■ WORK ITEM
Everything in the records below from the line containing "Elizabeth Python Leather Clutch Wallet Beige" through the line containing "šviesiai smėlio spalvos" is to be reproduced exactly, those two lines included; no picture is to be copied.

■ THE DATA
[Start of section]

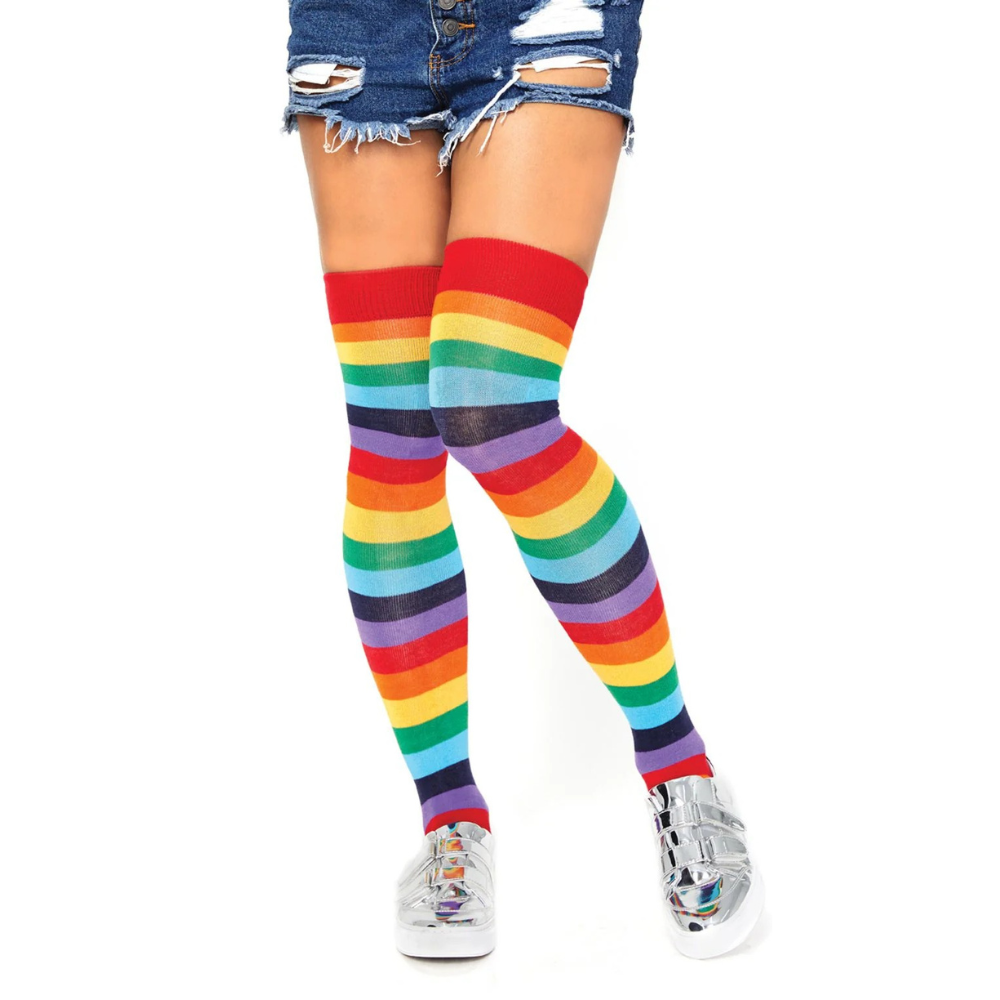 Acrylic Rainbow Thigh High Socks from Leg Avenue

[End of section]
[Start of section]

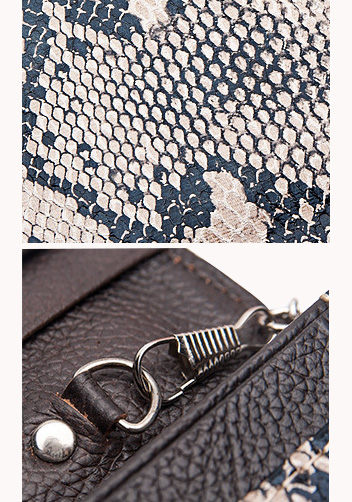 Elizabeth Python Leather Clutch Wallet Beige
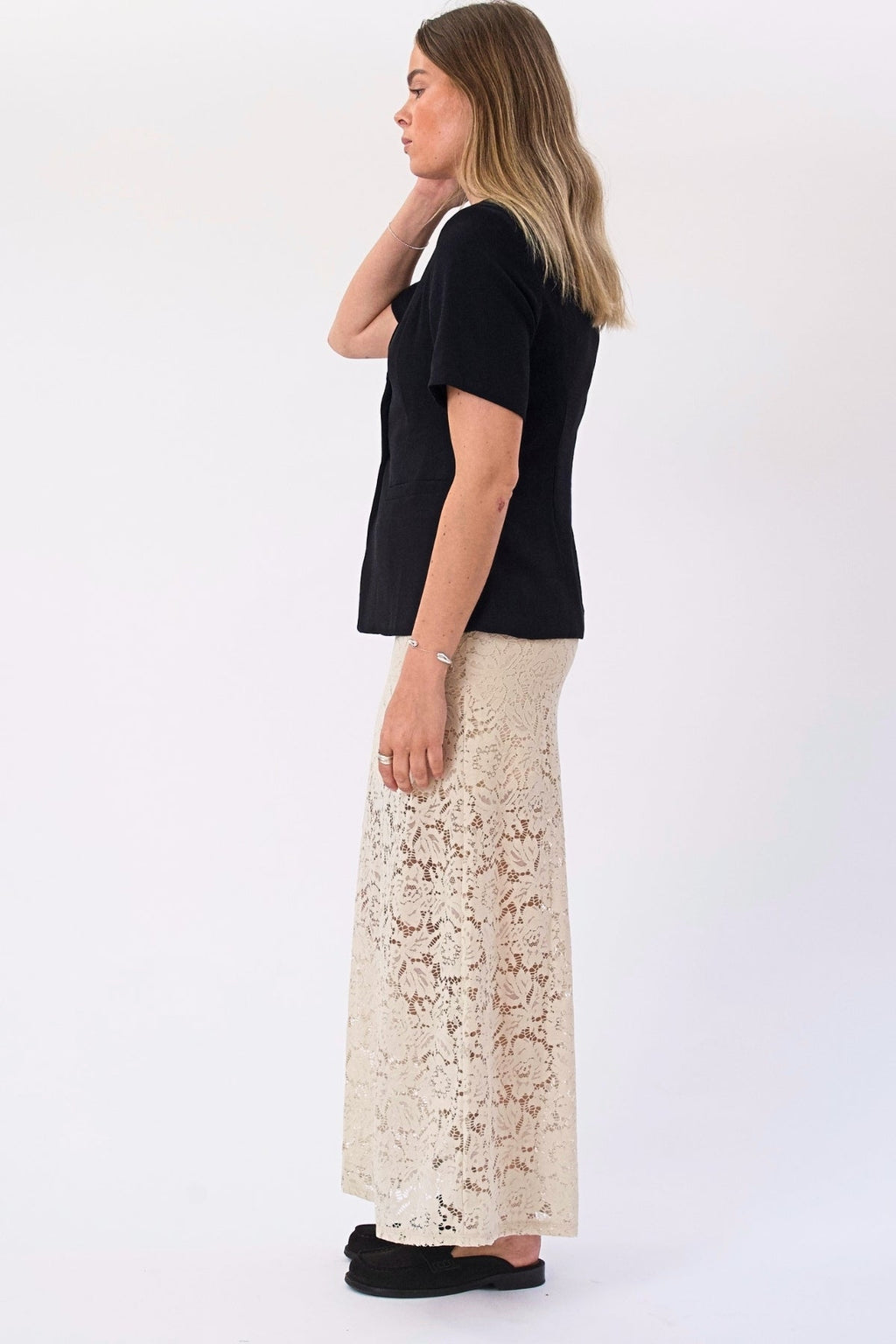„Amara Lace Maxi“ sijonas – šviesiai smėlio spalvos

[End of section]
[Start of section]

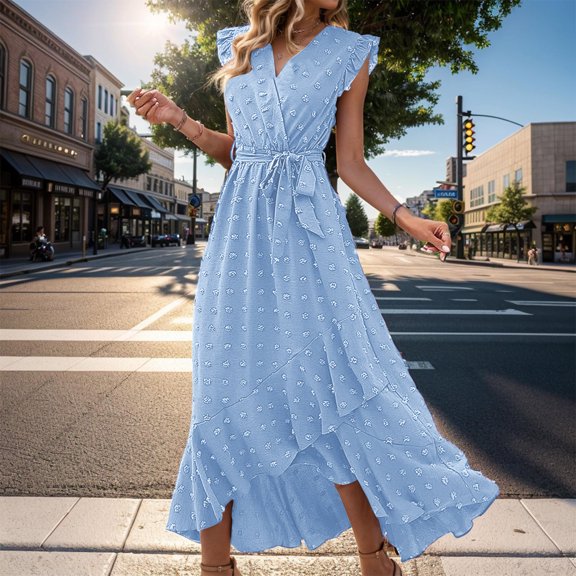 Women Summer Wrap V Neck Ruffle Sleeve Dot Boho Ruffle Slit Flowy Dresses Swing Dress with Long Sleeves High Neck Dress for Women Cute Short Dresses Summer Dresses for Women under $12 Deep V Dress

[End of section]

■ WRITTEN REPLY
 Elizabeth Python Leather Clutch Wallet Beige
„Amara Lace Maxi“ sijonas – šviesiai smėlio spalvos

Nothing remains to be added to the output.